In The Dark Knight, he immersed himself in a world of moral chaos and distortion, a ghastly blurred realm where the good and evil have long since lost their meaning. He found all this. The only trouble is, he wasn’t always able to find his way back.
The actor’s premature death at 28 from an inadvertent drug overdose – coupled most likely with physical exhaustion and a fragile mental state – was shocking, a deep loss that felt personal to many who were touched by his films.
Cynics will say that the success of The Dark Knight was only enhanced by the actor’s death, that all the hype – the so-called ‘spook’ factor – surrounding the movies release was a crass ploy to profit from tragedy. This would be a shame.
Heath Ledger’s death won’t help "make" this movie. Will the circumstances heighten interest? Of course. But one of the remarkable things about Ledger’s achievement is that his performance is so richly alive, it sweeps away any awareness of loss into some unknown, and unknowable, future.
"It says something about the curious nature of film, that someone can be so alive onscreen, when we’re all too aware that they’ve passed away," wrote Joe Neumaier in the New York Daily News, "how we are mortal, and films are immortal."
We should try to separate sentimentality from talent. If Ledger receives a posthumous Oscar, we can only hope that it will not be because he died, unable to regain his emotional balance after the possibly self-destructive depth of the role.
Rather, give him the Oscar for Best Actor because of his commitment to his craft, for his unrivaled encentrisity in the creation of a mutinous, manic and completely deranged charater, which is all too rare in any film, action or otherwise.

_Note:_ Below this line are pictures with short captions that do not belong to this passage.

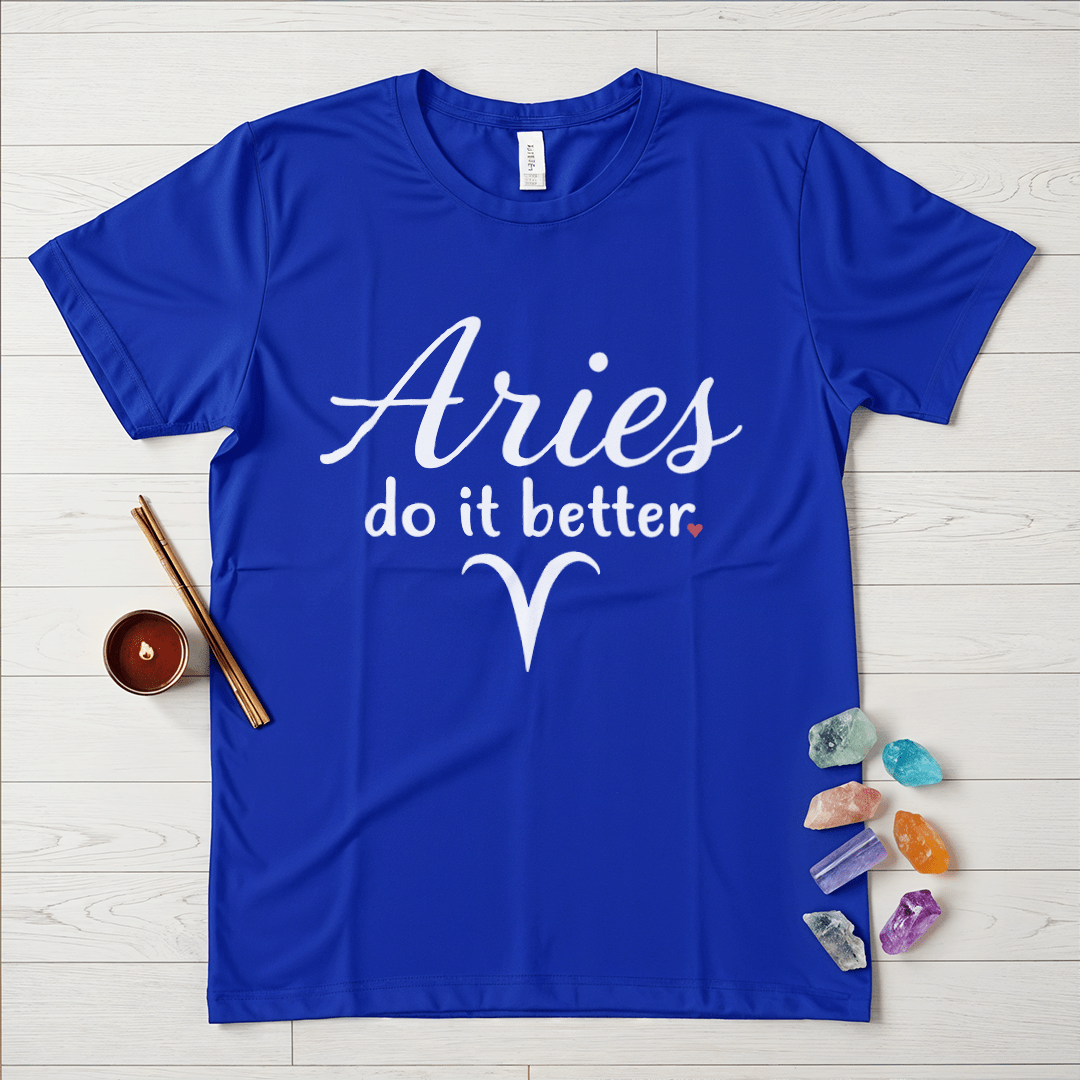 Aries Do It Better T-Shirt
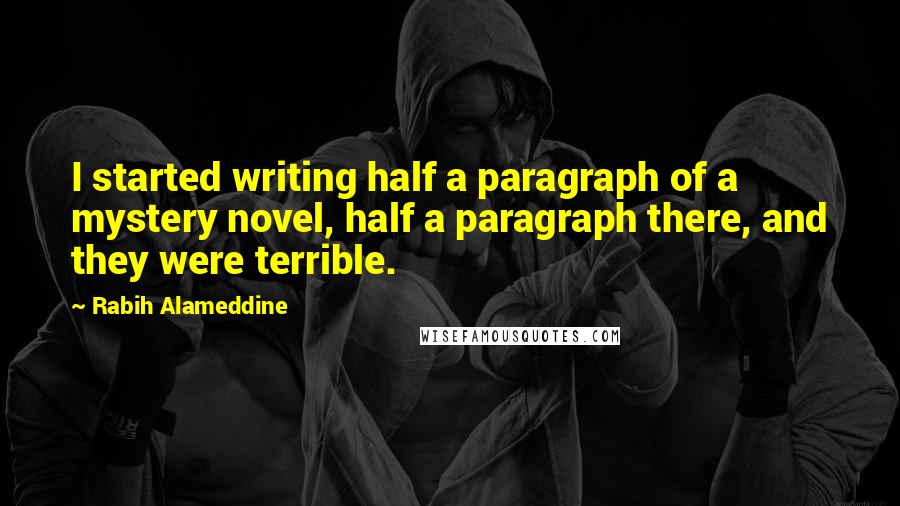 Rabih Alameddine Quotes: I started writing half a paragraph of a mystery novel, half a paragraph there, and they were terrible.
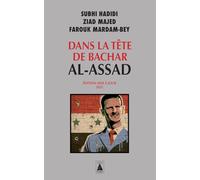 Farouk Mardam-Bey, Ziad Majed, Subhi Hadidi – Dans la tête de Bachar al-Assad – Essai – Poche
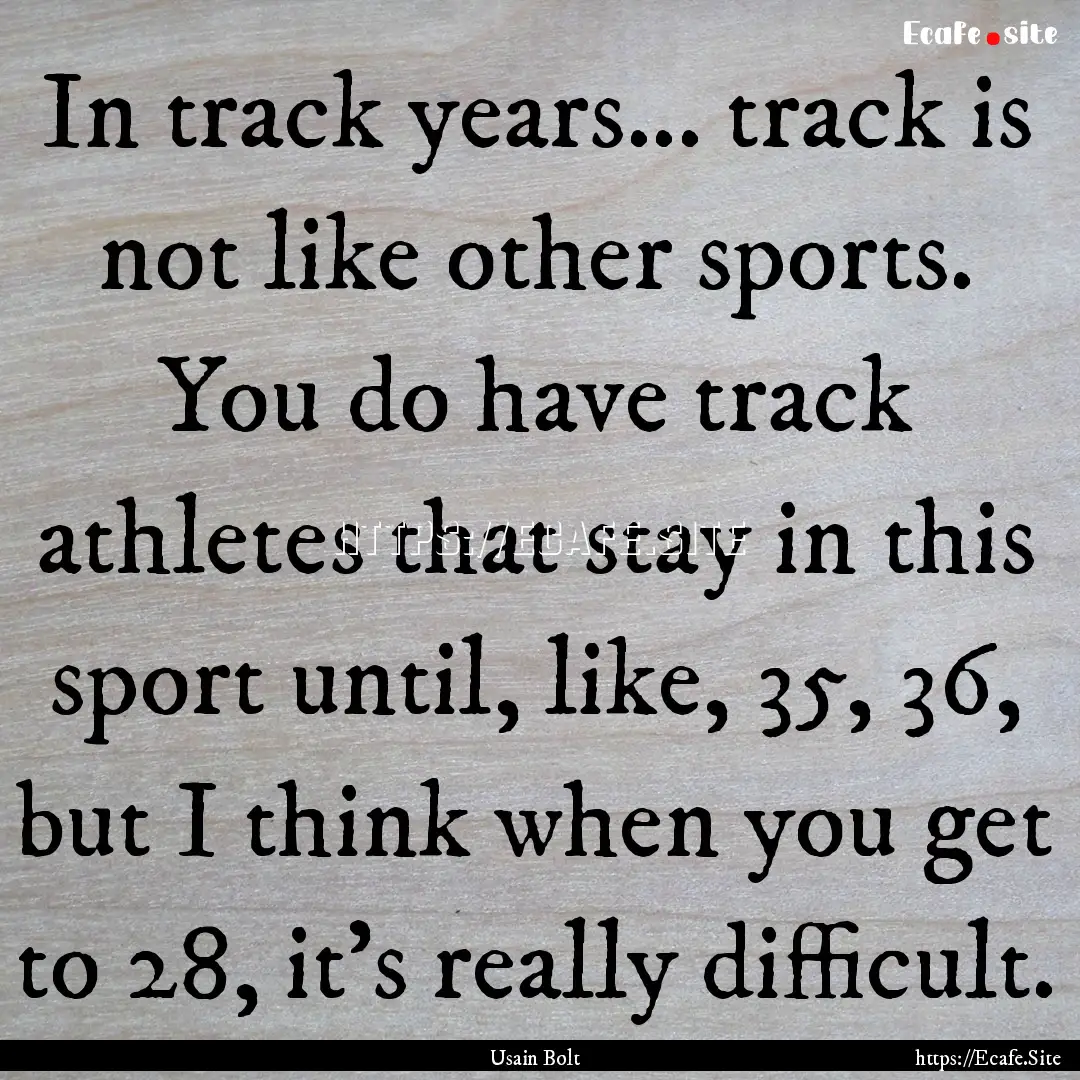 In track years... track is not like other.... : Quote by Usain Bolt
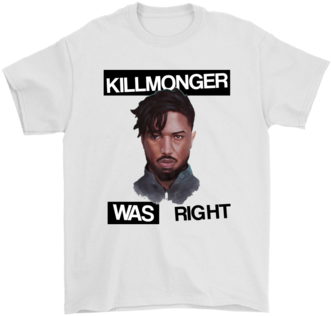 Killmonger Was Right Black Panther Shirts T Shirt Gildan - Killmonger Black Panther Shirt (394x394), Png Download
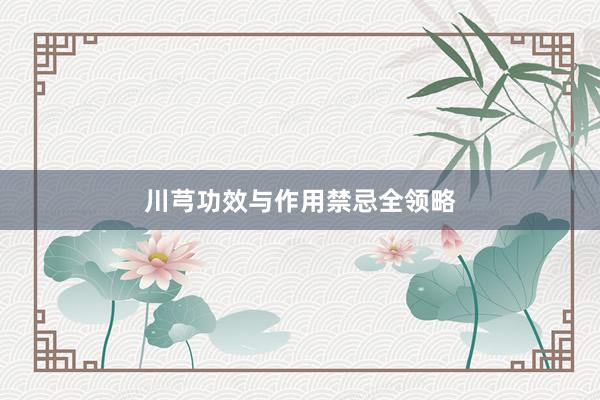 川芎功效与作用禁忌全领略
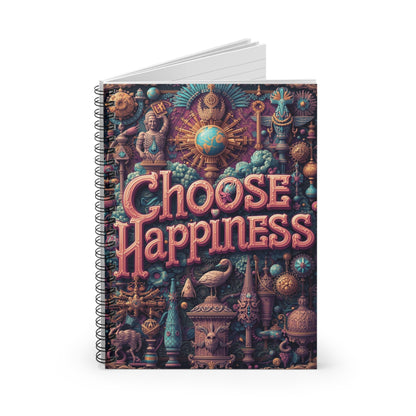 Choose Happiness Spiral Notebook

When the 2½ hour movie was over, the viewers walked out of the theater in silence, a few whispering in low voices. As they reached the street the crowd seemed to have found their voices, and unraveled into endless chatter and comment. A friend captured what seemed to be a general consensus:
"Ledger dominated the film," said film-goer Alex Huszar. "Almost every scene in which the Joker wasn’t present could have been cut."